The MOSFET idea for the row seems good to me. You could use BJTs, but at 3.2A each, you will probably need a second BJT to reduce the current needed from your row decoder. With just one BJT there, you'd probably need to plan 100mA of drive. So another BJT to cut that to a few mA would be indicated. The MOSFET helps in terms of current drive and at the slow rates you are talking about, drive current won't likely be a problem.
Power loss really isn't going to be a problem, either way. I think you are going to have excess voltage to toss away somewhere, anyway. And if you had a really low-impedance MOSFET to keep down power loss there, it would simply have to be taken up then by the BJT column driver. So there is no good way to win. The BJTs on the row driver would similarly be acceptable.

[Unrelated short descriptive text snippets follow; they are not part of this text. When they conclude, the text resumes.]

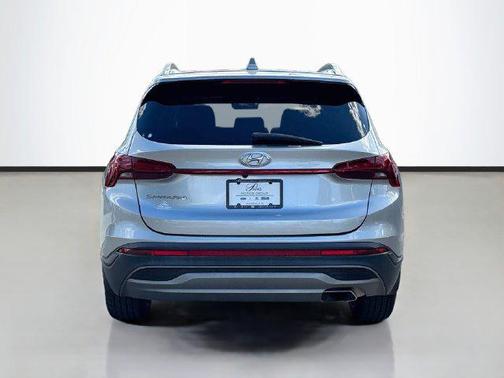 Shimmering Silver 2023 Hyundai SANTA FE SEL 2.4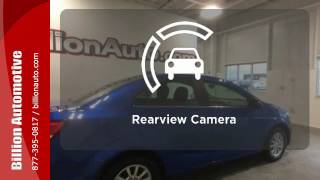 New 2017 Chevrolet SONIC Rapid City Car - For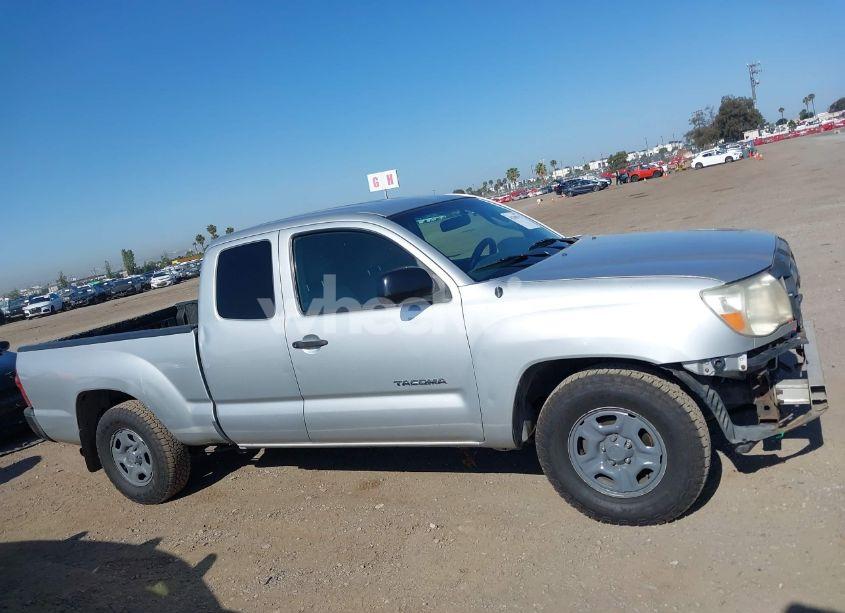 Photo 14 of 2007 Toyota Tacoma N/A (VIN 5TETX22N77Z457198)
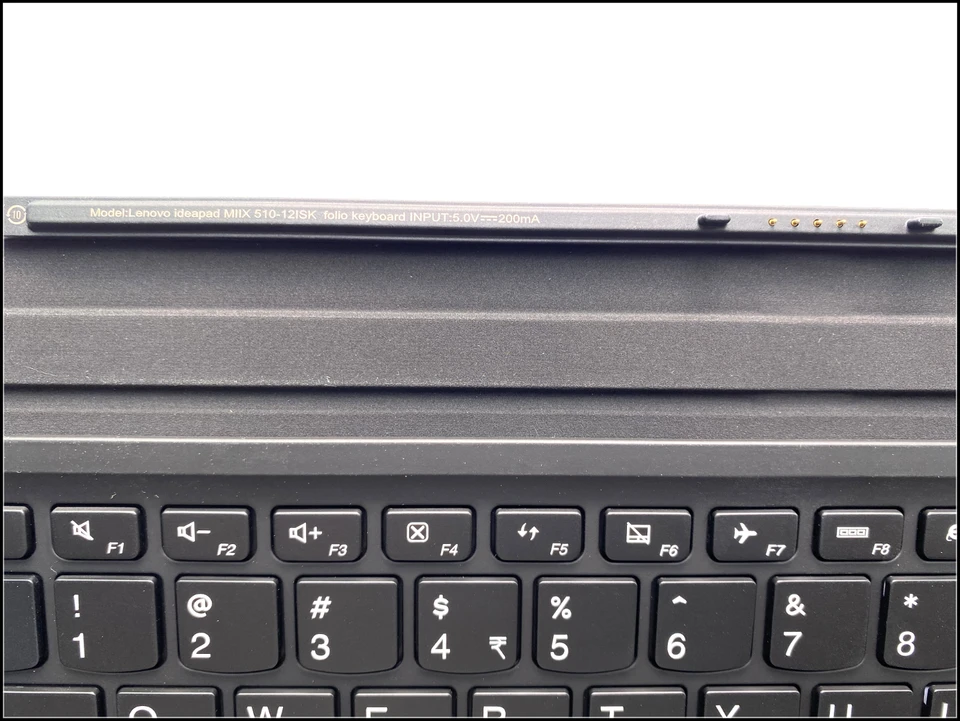 High quality New 5N20M13865 For Lenovo Ideapad MIIX 510-12ISK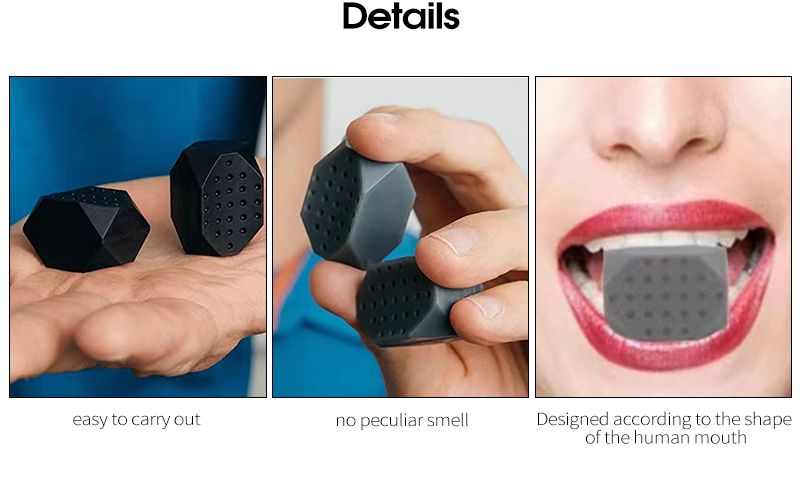 Entrenador muscular de Masseter 7th Generation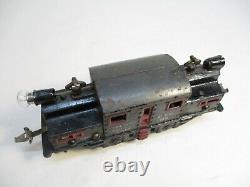 Ives 3216 Cast Iron Electric Loco 1917 Prewar O Gauge X5182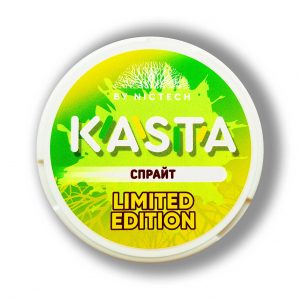 KASTA LIMITED Вкус - спрайт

My own personal choice would probably be to use the BJTs. Mostly because they are easily available from a lot of hobbyist sources, are dead cheap (I pay one cent for a 2N2222 in 1000 qty), and because I'm well used to them.
The column drivers will need to include the current limiting. My own choice is something like I showed you (the A, B, C, and D sections) where the BJT is operated with the base "nailed" to a voltage, the emitter following that voltage closely, and the emitter resistor setting the current through your LED. It's all pretty automatic, then, and it works reasonably well. And if you keep the base voltage high enough, the few tenths of a volt of base-emitter voltage change over a fairly wide range of temps won't affect the current enough to notice.
Yup. There's no win there.
Jon